*** PROVIDED MATERIAL ***

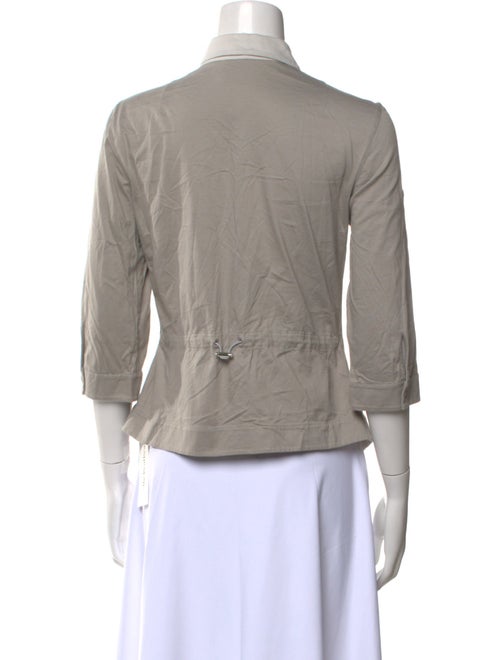 Akris Punto Three-Quarter Sleeve Button-Up Top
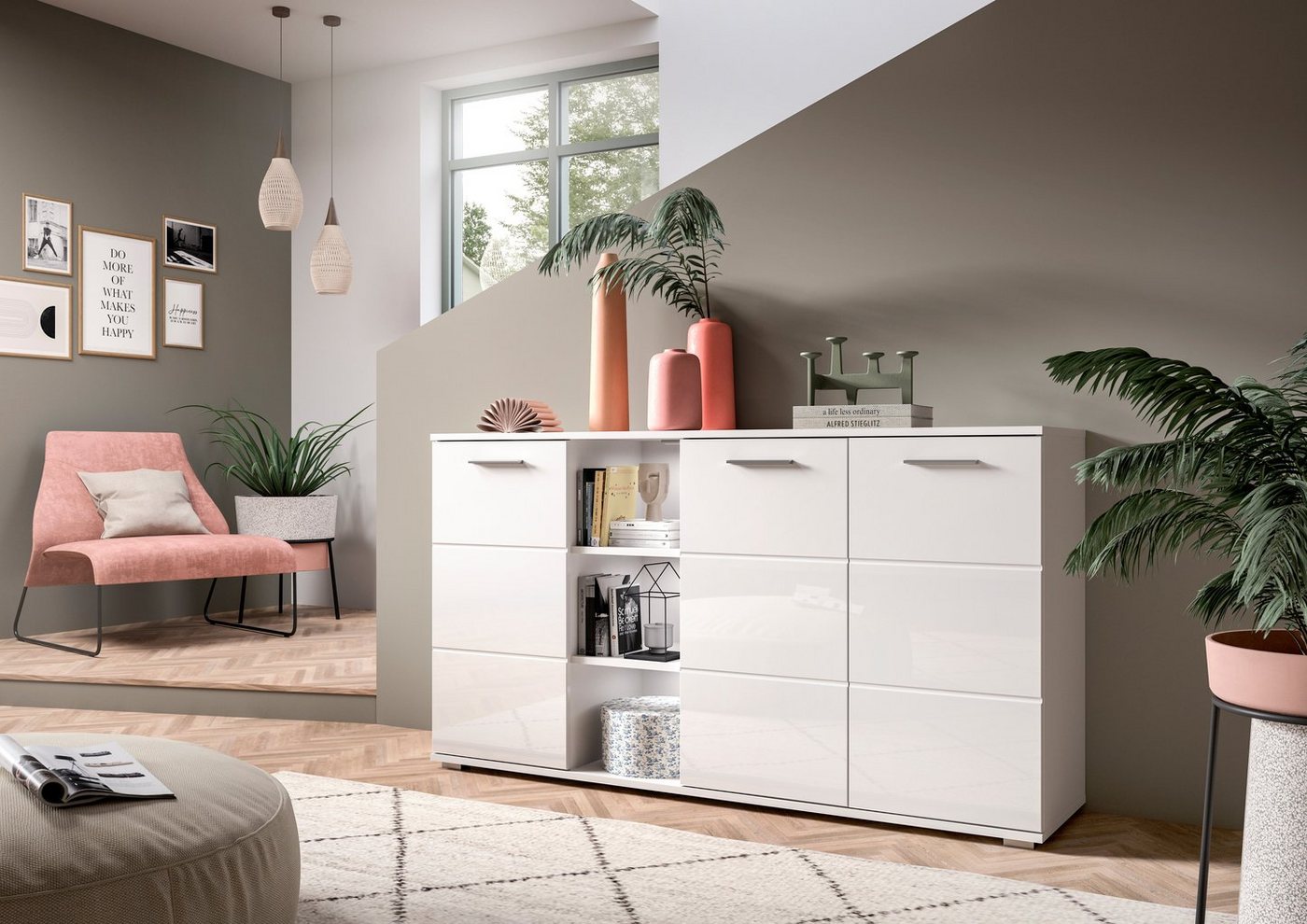 INOSIGN Sideboard Valge, Breite 150 cm, 3 Türen, 4 verstellbare Böden, 3 offene Fächer, Front-Rillenfräsung, Schuhkommode, Anrichte, Schrank, Kommode INOSIGN Sideboard Valge, Breite 150 cm, 3 Türen, 4 verstellbare Böden, 3 offene Fächer, Front-Rillenfräsung, Schuhkommode, Anrichte, Schrank, Kommode von INOSIGN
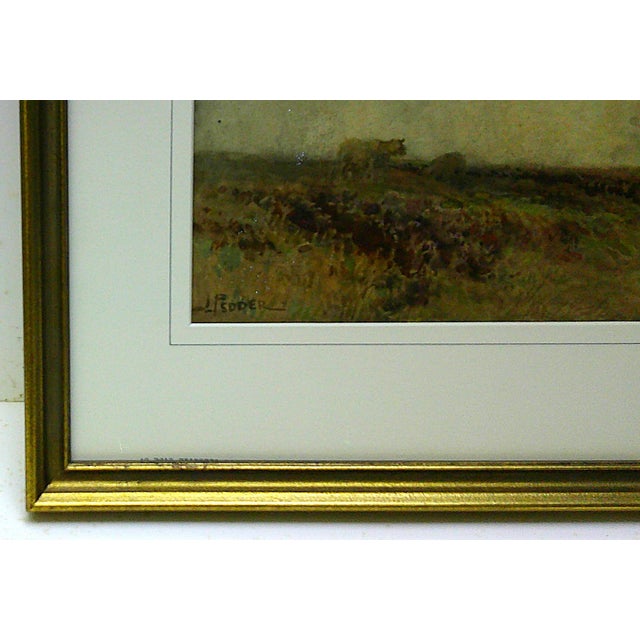 English Late 19th Century "A Wet Day on the Borders", Original Watercolor Painting For Sale - Image 3 of 3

*** End of PROVIDED MATERIAL ***

◆ DIRECTIONS ◆
The listing is to be repeated exactly, with its pictures removed.

◆ RESPONSE BELOW ◆
 Akris Punto Three-Quarter Sleeve Button-Up Top
 INOSIGN Sideboard Valge, Breite 150 cm, 3 Türen, 4 verstellbare Böden, 3 offene Fächer, Front-Rillenfräsung, Schuhkommode, Anrichte, Schrank, Kommode INOSIGN Sideboard Valge, Breite 150 cm, 3 Türen, 4 verstellbare Böden, 3 offene Fächer, Front-Rillenfräsung, Schuhkommode, Anrichte, Schrank, Kommode von INOSIGN
 English Late 19th Century "A Wet Day on the Borders", Original Watercolor Painting For Sale - Image 3 of 3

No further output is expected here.